O candidato mais jovem e líder nas pesquisas é o senador direitista Iván Duque, 41 anos, de inexpressivo histórico político, porém com um apoio de peso: o do controverso ex-presidente Álvaro Uribe, o senador mais votado nas eleições legislativas de março. O segundo colocado, com uma desvantagem de 10 pontos, é Gustavo Petro, ex-guerrilheiro e ex-prefeito de Bogotá, 58 anos, que promete um pacote de reformas. Logo atrás aparecem o independente de centro Sergio Fajardo e o ex-vice-presidente Germán Vargas, que prometem surpreender nas urnas.
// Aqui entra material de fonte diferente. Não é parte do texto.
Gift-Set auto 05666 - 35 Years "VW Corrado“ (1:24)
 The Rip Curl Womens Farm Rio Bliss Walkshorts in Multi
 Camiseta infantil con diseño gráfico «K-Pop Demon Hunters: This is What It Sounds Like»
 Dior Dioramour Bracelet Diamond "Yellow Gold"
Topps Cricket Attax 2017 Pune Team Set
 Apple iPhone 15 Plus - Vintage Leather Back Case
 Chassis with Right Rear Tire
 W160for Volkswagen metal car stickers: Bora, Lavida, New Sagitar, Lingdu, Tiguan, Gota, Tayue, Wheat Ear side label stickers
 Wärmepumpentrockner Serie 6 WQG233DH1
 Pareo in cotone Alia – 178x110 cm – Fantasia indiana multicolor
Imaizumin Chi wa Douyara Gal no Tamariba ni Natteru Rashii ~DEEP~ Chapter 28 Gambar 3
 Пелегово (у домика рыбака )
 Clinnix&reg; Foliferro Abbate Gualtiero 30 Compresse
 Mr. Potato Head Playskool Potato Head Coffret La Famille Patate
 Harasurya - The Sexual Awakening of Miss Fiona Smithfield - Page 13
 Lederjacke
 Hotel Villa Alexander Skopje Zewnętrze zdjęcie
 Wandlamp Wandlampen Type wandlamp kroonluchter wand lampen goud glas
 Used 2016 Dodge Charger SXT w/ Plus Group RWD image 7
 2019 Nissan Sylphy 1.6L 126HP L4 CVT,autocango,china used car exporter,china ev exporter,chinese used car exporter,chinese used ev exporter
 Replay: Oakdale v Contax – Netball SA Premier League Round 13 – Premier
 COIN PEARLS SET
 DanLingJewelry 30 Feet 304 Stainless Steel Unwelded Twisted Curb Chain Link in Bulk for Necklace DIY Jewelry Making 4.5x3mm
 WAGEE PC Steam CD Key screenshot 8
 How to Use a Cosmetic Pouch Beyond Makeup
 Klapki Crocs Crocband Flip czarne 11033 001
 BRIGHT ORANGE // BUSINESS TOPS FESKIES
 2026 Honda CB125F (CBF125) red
O ex-negociador de paz com as Farc Humberto de la Calle surge em grande desvantagem, e o evangélico Jorge Trujillo não registra índice nas pesquisas.

Duque e Petro são a imagem de um país radicalmente dividido. “Essa polarização começou antes, no plebiscito de 2016 para referendar os acordos de paz”, destaca Juan Carlos Rodríguez, do Observatório da Democracia da Universidade dos Andes. A simetria de posições ficou clara, por exemplo, nos debates eleitorais sobre a crise na vizinha Venezuela, que empurrou 762 mil refugiados para a Colômbia, dos quais 518 mil desejam fixar residência no país.

A Colômbia praticamente não mantém relações diplomáticas com o governo do presidente reeleito Nicolás Maduro. A fronteira entre os dois países foi tomada pelo contrabando de gasolina, de mercadorias e de drogas.

Duque propagou a ideia de que, em um eventual governo “castrochavista” de Petro, a Colômbia se tornaria “outra Venezuela”. O candidato da esquerda não esconde a condição de simpatizande das ideias do falecido presidente venezuelano Hugo Chávez, mas afastou-se de Maduro e de seu projeto, que considera “adverso à democracia”.

O próximo governante colombiano nem mesmo foi eleito e já é alvo de um apelo de Maduro. “Espero que o presidente que for eleito tenha a altura, a valentia e a coragem para recompor as relações com a Venezuela, que Juan Manuel Santos, lamentavelmente, destruiu a níveis nunca vistos em 200 anos”, disse o chavista na semana passada, ao denunciar que “Santos está preparando planos macabros para criar uma situação de conflito bélico”. (JV)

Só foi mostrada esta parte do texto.